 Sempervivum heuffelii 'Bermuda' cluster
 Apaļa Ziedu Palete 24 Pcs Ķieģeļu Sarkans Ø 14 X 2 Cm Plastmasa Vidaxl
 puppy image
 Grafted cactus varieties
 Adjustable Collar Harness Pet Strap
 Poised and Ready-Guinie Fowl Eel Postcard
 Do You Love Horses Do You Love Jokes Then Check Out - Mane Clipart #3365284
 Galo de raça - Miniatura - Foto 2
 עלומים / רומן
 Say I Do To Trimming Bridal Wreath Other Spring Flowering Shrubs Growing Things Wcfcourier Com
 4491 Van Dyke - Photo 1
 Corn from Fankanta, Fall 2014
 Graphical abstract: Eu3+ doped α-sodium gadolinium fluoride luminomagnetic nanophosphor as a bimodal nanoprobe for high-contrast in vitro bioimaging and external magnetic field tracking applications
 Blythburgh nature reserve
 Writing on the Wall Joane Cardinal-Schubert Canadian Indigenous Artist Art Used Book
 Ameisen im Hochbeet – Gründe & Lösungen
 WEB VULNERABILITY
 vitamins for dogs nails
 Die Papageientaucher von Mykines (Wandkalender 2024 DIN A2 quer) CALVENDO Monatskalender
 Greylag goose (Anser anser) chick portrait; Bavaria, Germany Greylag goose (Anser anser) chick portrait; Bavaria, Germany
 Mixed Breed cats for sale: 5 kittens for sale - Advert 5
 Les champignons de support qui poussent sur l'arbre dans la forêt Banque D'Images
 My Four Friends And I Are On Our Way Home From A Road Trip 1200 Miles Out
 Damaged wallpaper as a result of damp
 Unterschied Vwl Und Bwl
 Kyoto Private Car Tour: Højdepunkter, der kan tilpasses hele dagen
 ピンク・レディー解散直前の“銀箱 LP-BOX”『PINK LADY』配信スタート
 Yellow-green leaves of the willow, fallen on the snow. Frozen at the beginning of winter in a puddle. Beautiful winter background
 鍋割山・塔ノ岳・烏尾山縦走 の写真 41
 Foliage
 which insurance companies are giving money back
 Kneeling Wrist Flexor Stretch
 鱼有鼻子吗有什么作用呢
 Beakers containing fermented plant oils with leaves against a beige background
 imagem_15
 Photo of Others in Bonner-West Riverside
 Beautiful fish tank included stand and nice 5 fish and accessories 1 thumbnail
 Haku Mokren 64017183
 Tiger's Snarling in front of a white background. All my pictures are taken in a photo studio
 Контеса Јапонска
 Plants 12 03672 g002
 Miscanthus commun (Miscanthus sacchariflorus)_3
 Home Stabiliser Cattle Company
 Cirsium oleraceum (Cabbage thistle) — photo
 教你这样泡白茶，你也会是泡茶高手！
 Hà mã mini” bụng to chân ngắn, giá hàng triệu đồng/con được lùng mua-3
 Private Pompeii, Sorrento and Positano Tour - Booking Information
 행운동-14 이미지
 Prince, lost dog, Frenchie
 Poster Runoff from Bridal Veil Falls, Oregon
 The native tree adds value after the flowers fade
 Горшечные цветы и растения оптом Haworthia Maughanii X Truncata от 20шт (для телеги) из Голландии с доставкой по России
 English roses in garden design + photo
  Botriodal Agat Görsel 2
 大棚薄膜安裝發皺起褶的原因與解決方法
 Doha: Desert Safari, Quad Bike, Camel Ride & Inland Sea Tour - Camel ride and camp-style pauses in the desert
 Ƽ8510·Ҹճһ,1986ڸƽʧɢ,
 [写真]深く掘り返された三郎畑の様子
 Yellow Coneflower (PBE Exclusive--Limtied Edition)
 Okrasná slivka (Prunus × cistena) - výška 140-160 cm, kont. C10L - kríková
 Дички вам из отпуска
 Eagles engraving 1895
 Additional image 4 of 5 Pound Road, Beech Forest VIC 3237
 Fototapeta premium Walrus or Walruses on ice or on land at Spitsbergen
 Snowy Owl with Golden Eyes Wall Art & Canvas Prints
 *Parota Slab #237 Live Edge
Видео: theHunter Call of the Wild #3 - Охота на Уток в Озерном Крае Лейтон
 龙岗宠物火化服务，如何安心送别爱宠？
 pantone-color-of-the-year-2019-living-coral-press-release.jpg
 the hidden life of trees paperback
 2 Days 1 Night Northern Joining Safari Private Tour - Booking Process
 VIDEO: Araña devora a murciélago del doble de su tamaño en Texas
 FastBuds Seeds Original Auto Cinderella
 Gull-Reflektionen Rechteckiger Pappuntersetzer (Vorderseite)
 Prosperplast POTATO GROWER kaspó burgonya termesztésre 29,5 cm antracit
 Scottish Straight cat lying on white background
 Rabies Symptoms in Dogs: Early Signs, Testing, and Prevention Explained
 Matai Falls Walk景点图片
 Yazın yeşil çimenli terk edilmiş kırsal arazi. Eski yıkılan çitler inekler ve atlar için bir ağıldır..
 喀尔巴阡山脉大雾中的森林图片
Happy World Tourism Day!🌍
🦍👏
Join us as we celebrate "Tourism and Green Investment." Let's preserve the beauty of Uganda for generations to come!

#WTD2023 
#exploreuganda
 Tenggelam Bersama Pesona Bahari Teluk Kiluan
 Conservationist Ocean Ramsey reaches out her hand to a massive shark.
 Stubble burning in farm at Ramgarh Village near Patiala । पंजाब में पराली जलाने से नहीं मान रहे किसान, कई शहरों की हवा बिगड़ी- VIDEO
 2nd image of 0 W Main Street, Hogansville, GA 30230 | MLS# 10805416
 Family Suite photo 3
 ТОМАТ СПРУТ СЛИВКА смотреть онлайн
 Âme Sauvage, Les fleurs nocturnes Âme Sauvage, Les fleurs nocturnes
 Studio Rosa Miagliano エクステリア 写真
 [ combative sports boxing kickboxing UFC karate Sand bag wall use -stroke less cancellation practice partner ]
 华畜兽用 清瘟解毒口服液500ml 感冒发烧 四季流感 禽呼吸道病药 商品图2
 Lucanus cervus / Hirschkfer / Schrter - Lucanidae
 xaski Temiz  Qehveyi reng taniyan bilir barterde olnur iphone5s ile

> What you have to do: Show the lines where the word "white" appears in the entries.

> Result for this exercise:
 Tiger's Snarling in front of a white background. All my pictures are taken in a photo studio
 Scottish Straight cat lying on white background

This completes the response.